The only way to prevent this is to make all responses, acknowledgments and timeframes based on time of lodgement (other than for post) where it shall be receipt.

15 COMPLAINT PRIORITISATION, ESCALATION AND EXTERNAL DISPUTE RESOLUTION.

Under 15(1) of the proposed standard, if a consumer contacts their provider to say that they want their complaint treated as an urgent case, the provider is allowed five working days from receiving that communication to advise the consumer about its internal prioritisation process, internal escalation process or options for external dispute resolution.

Firstly, this states that if a consumer asks to lodge a complaint and that they believe it is an urgent complaint, despite an urgent complaint being required to be resolved, in accordance with 13(h) within 2 working days, the provider has five working days to tell the consumer it is not an urgent complaint.

If the customer is a priority assistance customer, which is automatically qualifies under the standard and definition as an urgent complaint, if the provider does not immediately treat it as an urgent case, then the priority customer will have to wait up to five days for a response and then wait for the resolution to commence.

Is it really the intention of the standard that priority assistance customers have to wait up to 7 working days for a resolution?

15 COMPLAINT PRIORITISATION, ESCALATION AND EXTERNAL DISPUTE RESOLUTION

Under 15(1) there is no provision outlined for the resolution, reprioritisation, review, escalation by the carriage service provider, if the consumer communicates their dissatisfaction or request for treatment as an urgent complaint.

The provision only states that they must tell them their processes, it does not require them to address the complaint being made.

Under 15(1) a priority assistance customer who rings to say their complaint should be treated as urgent, the provider, under this proposed standard, only has to advise them of their processes, including that automatically priority assistance customer complaints are urgent, but does not have to upgrade or escalate the complaint.

Surely, in a complaint handling standard, if a customer complaints with this issue, that is clearly defined in the standard, then the provider should, by this clause, be required to act immediately and escalate rather than simply tell the consumer what should have happened and what they can do externally.

15(2) has no time frames.

Under 15(2) the provider is only required to advise its internal escalation procedures and external options.

The provider does not have to review the matter nor is there a time frame in which they have to respond to the communication.

17 Attempt to make contact

There is no reference to use of the customers nominated contact number or that the contact can not be made on a non- working service.

Our situation is we have two landlines for voice communication and NBN skymuster for internet.

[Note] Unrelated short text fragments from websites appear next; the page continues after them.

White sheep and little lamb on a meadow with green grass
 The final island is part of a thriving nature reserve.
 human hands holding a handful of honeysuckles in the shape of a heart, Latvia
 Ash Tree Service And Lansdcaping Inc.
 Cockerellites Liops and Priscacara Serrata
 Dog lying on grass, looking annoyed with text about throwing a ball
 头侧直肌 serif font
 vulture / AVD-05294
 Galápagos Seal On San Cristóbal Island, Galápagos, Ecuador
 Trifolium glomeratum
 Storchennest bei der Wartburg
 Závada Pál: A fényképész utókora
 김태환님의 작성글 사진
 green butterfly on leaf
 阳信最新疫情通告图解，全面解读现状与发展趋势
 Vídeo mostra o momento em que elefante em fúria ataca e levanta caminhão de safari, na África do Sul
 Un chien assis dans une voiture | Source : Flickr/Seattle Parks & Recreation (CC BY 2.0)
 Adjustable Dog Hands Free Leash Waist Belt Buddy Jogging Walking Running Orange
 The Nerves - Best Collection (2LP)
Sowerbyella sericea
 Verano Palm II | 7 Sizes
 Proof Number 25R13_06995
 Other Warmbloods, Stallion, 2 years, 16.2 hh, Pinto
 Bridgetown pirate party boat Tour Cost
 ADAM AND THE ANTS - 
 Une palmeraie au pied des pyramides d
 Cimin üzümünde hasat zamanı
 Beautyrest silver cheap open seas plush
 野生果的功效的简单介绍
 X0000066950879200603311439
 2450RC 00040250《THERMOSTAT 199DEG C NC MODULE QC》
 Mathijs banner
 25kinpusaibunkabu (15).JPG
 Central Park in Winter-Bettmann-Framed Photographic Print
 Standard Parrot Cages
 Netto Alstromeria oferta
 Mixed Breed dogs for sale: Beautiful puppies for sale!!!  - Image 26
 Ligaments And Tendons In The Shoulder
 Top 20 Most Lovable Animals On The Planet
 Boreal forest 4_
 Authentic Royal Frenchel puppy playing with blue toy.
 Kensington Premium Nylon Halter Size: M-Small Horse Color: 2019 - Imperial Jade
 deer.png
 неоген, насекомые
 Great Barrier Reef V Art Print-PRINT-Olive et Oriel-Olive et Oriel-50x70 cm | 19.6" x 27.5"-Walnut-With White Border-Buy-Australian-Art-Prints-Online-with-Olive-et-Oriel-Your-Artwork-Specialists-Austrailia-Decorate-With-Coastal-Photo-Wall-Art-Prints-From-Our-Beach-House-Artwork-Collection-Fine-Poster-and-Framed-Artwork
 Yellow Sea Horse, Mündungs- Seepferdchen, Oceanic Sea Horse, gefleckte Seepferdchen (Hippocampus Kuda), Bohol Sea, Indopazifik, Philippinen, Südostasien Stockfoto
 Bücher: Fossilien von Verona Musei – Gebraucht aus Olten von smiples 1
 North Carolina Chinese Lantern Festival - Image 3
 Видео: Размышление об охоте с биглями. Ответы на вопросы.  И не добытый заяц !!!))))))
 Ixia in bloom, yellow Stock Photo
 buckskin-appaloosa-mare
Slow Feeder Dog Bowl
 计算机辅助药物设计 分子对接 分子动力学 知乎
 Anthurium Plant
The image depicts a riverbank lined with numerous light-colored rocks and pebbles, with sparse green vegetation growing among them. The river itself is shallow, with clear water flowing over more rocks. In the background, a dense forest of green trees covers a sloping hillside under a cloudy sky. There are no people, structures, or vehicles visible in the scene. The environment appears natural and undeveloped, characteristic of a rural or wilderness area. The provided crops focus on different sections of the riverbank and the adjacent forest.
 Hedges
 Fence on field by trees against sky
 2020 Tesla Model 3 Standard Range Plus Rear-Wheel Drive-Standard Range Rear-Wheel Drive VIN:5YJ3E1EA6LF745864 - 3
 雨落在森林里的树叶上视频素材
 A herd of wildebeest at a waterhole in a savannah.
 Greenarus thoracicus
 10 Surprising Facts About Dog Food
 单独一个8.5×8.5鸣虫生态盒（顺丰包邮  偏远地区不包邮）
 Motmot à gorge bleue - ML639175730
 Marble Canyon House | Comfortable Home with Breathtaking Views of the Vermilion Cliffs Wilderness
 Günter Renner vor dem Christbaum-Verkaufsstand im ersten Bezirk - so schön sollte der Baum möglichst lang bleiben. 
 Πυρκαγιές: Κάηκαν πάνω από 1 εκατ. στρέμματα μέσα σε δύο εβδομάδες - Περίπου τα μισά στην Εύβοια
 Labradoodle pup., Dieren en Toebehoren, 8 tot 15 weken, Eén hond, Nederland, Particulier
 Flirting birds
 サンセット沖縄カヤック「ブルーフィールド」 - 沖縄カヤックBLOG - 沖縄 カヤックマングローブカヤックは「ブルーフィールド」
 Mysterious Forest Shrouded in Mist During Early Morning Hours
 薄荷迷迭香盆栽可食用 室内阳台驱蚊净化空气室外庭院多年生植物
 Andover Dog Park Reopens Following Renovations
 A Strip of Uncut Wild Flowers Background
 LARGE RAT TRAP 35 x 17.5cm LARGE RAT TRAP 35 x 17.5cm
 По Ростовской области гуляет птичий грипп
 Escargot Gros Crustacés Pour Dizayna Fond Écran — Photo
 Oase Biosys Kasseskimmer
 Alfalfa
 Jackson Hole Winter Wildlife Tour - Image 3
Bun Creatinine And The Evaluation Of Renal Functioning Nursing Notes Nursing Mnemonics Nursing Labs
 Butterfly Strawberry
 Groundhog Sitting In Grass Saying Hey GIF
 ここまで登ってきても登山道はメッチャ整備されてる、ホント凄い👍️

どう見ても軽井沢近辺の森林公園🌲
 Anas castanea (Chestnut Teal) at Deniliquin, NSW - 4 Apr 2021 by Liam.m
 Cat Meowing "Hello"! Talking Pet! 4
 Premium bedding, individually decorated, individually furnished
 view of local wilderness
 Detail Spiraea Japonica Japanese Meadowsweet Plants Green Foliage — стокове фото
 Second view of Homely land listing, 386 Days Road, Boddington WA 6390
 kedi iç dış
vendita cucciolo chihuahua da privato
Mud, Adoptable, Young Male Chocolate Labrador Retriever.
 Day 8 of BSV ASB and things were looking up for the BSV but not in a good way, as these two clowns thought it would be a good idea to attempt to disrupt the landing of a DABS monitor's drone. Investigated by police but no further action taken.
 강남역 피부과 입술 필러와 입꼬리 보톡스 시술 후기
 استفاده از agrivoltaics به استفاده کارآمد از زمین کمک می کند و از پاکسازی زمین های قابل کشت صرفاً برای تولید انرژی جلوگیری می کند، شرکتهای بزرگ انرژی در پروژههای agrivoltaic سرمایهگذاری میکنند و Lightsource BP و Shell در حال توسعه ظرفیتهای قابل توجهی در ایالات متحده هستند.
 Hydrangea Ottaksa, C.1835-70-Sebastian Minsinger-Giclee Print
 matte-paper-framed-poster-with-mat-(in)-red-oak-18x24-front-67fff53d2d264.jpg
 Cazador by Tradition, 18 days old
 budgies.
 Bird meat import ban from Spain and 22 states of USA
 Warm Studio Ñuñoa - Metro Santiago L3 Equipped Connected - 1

We do not have mobile coverage.

During landline failures, with no dial tone reported, our provider left messages on exchange based voice mail (they operated the service) and claimed they were unable to contact us on the phone when the voice mail service they operated also failed.

This was used as a defence by the provider with the TIO in conciliation.

Therefore it should be clear that communication in accordance with part 17, shall only be on

a)The customers nominated preferred voice contact number, and in the event of a fault being reported on that service, the provider shall not claim failure to contact on that number during a period of fault report, as a grounds for delay for resolution.